The manufacturers’ group claims a number of benefits from replacing side view mirrors with cameras, including reduced drag that would lead to better fuel economy and reduced greenhouse gas emissions. Cameras could also give additional assistance to older drivers who may have limited upper body range of motion as well as eliminate blind spots, the group says.
In April, Nissan reported working with Japan’s Agency for Marine-Earth Science and Technology and TOPY Industries Ltd., to explore the ocean floor with its AVM, Around View Monitor technology, where cameras are mounted on four corners of a deep sea robotic crawler. AVM, a base technology planned for use on Nissan’s autonomous vehicles, provides a 360-degree overview.
No More Steering Wheels/Pedals
Back in 2006, Mercedes Benz introduced a cl600 concept car that had no steering wheel or gas or brake pedals. Its current concept car, the F015, has no outside mirrors but does have a cockpit much like a limousine where passengers can face each other. While BMW’s concept photos do show a steering wheel, its use appears optional since a driver can swivel to face other passengers.
Toyota’s PM, dubbed a personal mobility vehicle, looks much different than cars today with a gear shift and throttle in place of a steering wheel.
Google’s exploration of a steering-wheel-less vehicle was thwarted when it was reportedly forced to add one to its self-driving concept car because of California’s testing rules.
Alternatives to steering wheels include a touch screen steering wheel, a concept researchers from the Universities of Stuttgart and Duisburg-Essen examined in 2006.
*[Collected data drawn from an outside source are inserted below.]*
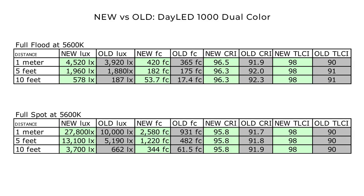I also ran the numbers on the old DayLED 1000 dual color. Comparing old to new, the new model is significantly better in both lumosity and color rendering. At flood, the new model came in at 4520 lux versus the old model's 3920 lux — that's one half stop brighter. On CRI, the new model came in at 96.5 while the old model was only 91.9 to 92.3. The new TLCI is 98 while the old one is 90 to 91. At full spot, the difference is even greater: the new one is 27,800 lux versus the old one's 10,000 lux. CRI at spot: new model 95.8, old model 91.7 to 91.9. TLCI: new model 98, old model 90. The new model has much better color rendering across the board.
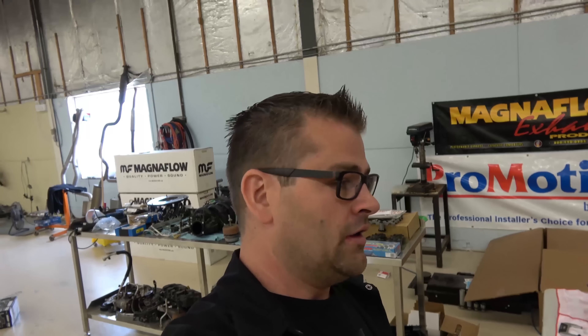Hey guys, welcome back to the channel. I know it's been a couple days since an upload — I've been waiting to get my parts back so I can put the Mustang back together and start tearing down the Supra. But I went down yesterday and all the parts are here, so we are going to start building it.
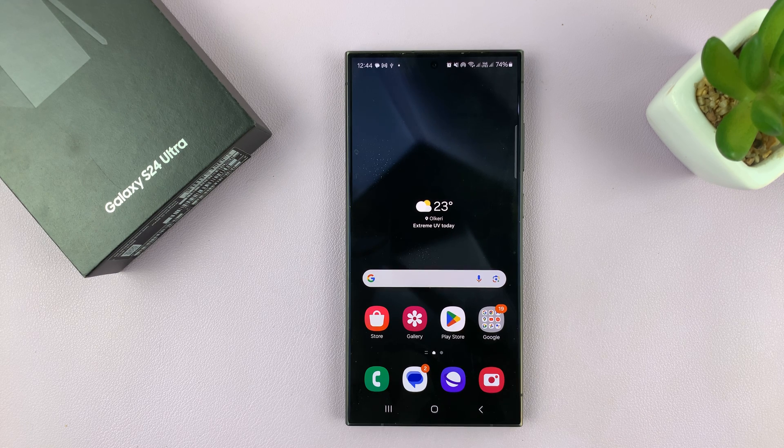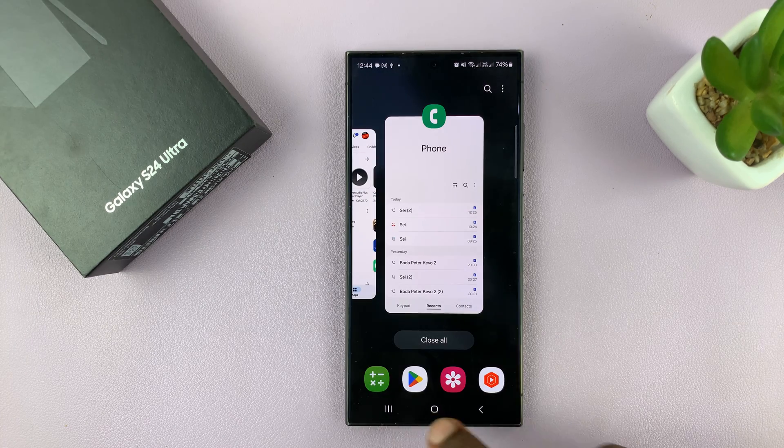I'll be showing you how to turn on mobile hotspot on your Samsung Galaxy S24. I'm using the S24 Ultra for this tutorial, but this works on all the Galaxy S24s. I'll show you two ways of doing it. One is the official way, which is through the settings.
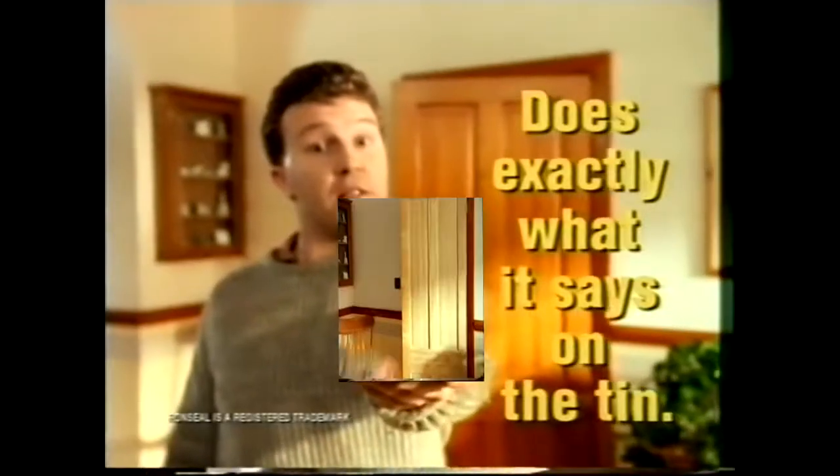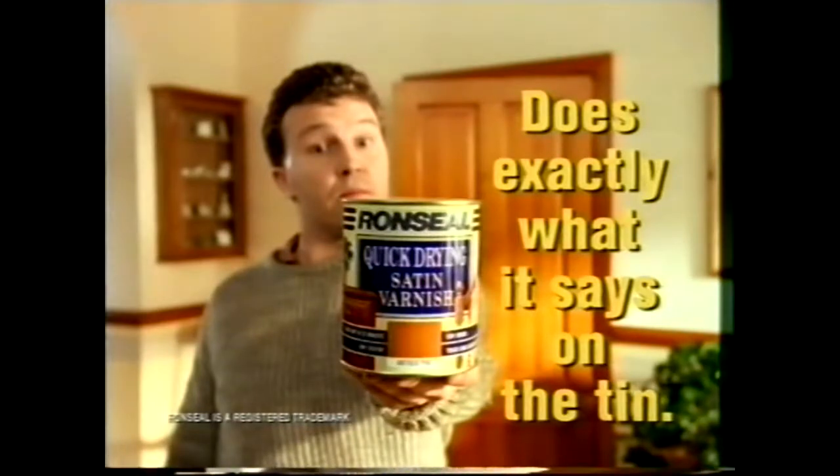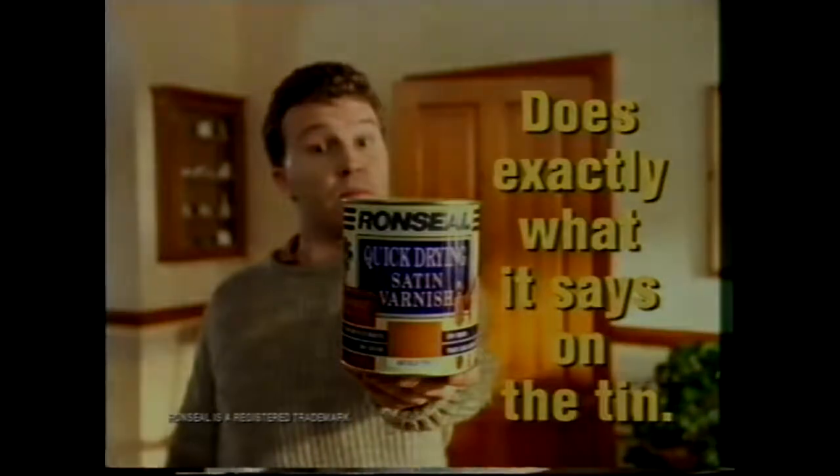It's touch-dry in about 20 minutes. It does exactly what it says on the tin. This is a door.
Along with a team from the German Research Center for Artificial Intelligence, they developed a prototype that could eliminate the time needed to look away when using standard steering wheel controls.
Brake pedals could also be a thing of the past. Several automakers have been testing drive-by-wire technology – using electronic systems rather than cables or hydraulic pressure for braking and steering.
Cars are not the only transportation module expected to change. Experts predict advancing auto technology will affect road infrastructure and even the very need for drivers’ tests and licenses.
“With any form of intelligent transportation, building the infrastructure to accommodate it is often the largest barrier to widespread adoption,” said Dr. Alberto Broggi, an IEEE senior member and professor of Computer Engineering at the University of Parma in Italy.
“Since we can use the existing networks of roadways, autonomous vehicles are advantageous for changing how the majority of the world will travel on a daily basis.”
But, according to the IEEE, the increased use of driverless cars will be the catalyst for transforming vehicular travel. The group sees new technologies sparking changes in intersections, traffic flows, highways and even drivers’ licenses.
Broggi said that vehicle-to-vehicle as wells as vehicle-to-infrastructure communication systems within driverless cars may erase the need for traffic lights and stop signs in the future.
“Intersections will be equipped with sensors, cameras and radars that can monitor and control traffic flow to help eliminate driver collisions and promote a more efficient flow of traffic. The cars will be operating automatically, thereby eliminating the need for traffic lights,” said Broggi.
Driverless car sharing programs will eliminate the need for drivers’ licenses, predicted Dr. Azim Eskandarian, IEEE member and director of the Center for Intelligent Systems Research.
“People do not need a license to sit on a train or a bus,” said Eskandarian. “In a full autonomy case in which no driver intervention will be allowed, the car will be operating autonomously, so there will not be any special requirements for drivers or occupants to use the vehicle as a form of transportation, but the vehicles will obviously need many more certifications and should meet new standards.”
Uber and Nissan have already demonstrated interest in self-driving taxis. “Autonomous vehicles will arrive, take you to your destination and then be ready for the next user,” according to the IEEE.